» **DATASET EXCERPT**:

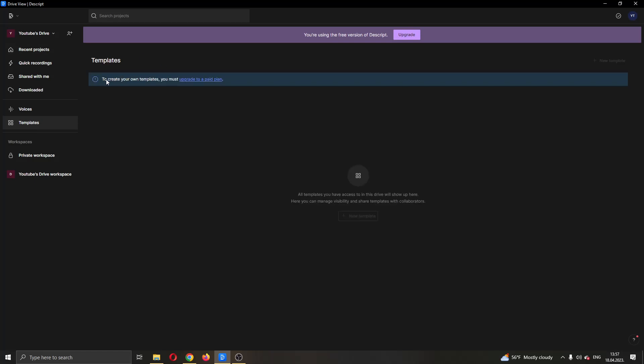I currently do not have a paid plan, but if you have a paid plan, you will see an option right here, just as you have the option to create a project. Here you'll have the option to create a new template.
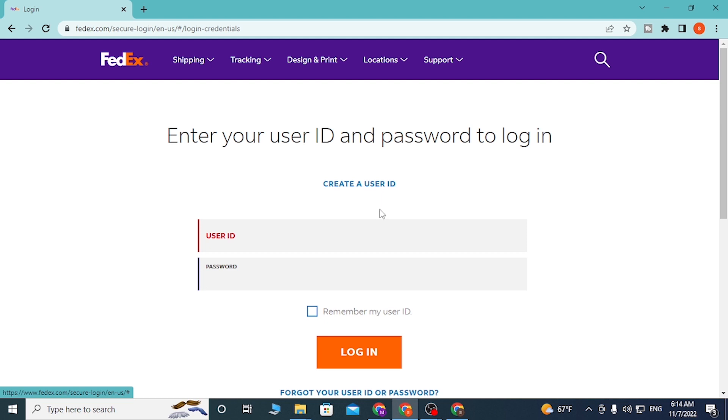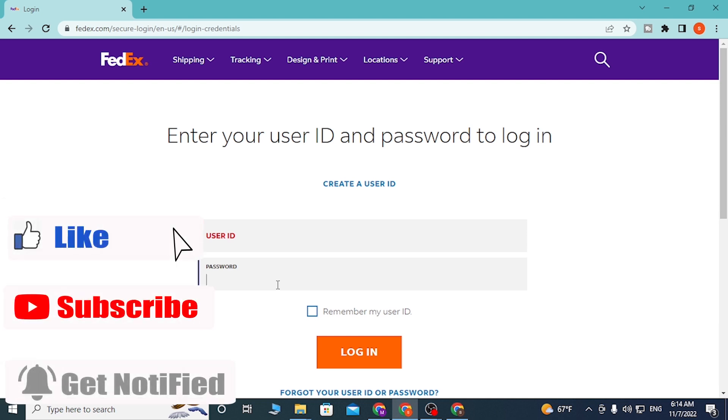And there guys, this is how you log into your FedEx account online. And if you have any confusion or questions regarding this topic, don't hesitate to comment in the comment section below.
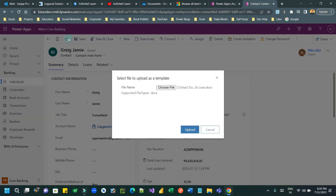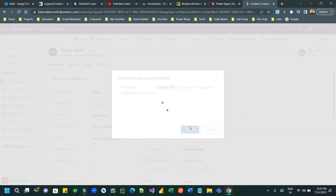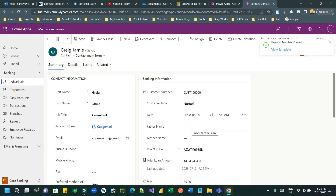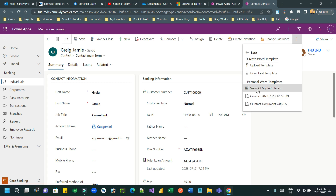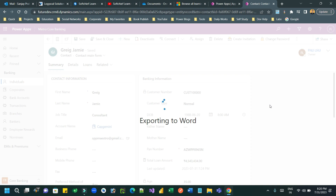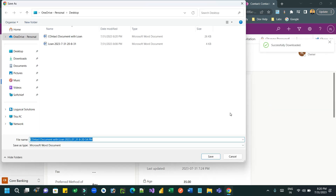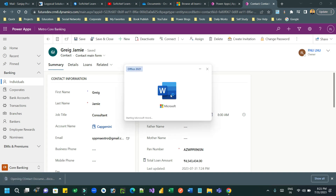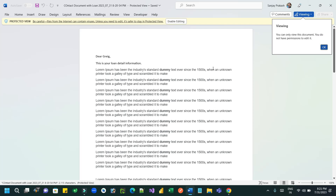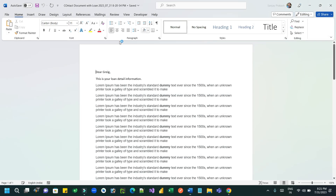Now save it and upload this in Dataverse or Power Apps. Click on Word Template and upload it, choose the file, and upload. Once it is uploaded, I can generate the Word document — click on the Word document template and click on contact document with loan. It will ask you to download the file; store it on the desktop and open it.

» **TASK PROMPT**: Please write the data out again exactly, but do not carry over the pictures.

» **RESPONSE BELOW**:
I currently do not have a paid plan, but if you have a paid plan, you will see an option right here, just as you have the option to create a project. Here you'll have the option to create a new template.
And there guys, this is how you log into your FedEx account online. And if you have any confusion or questions regarding this topic, don't hesitate to comment in the comment section below.
Now save it and upload this in Dataverse or Power Apps. Click on Word Template and upload it, choose the file, and upload. Once it is uploaded, I can generate the Word document — click on the Word document template and click on contact document with loan. It will ask you to download the file; store it on the desktop and open it.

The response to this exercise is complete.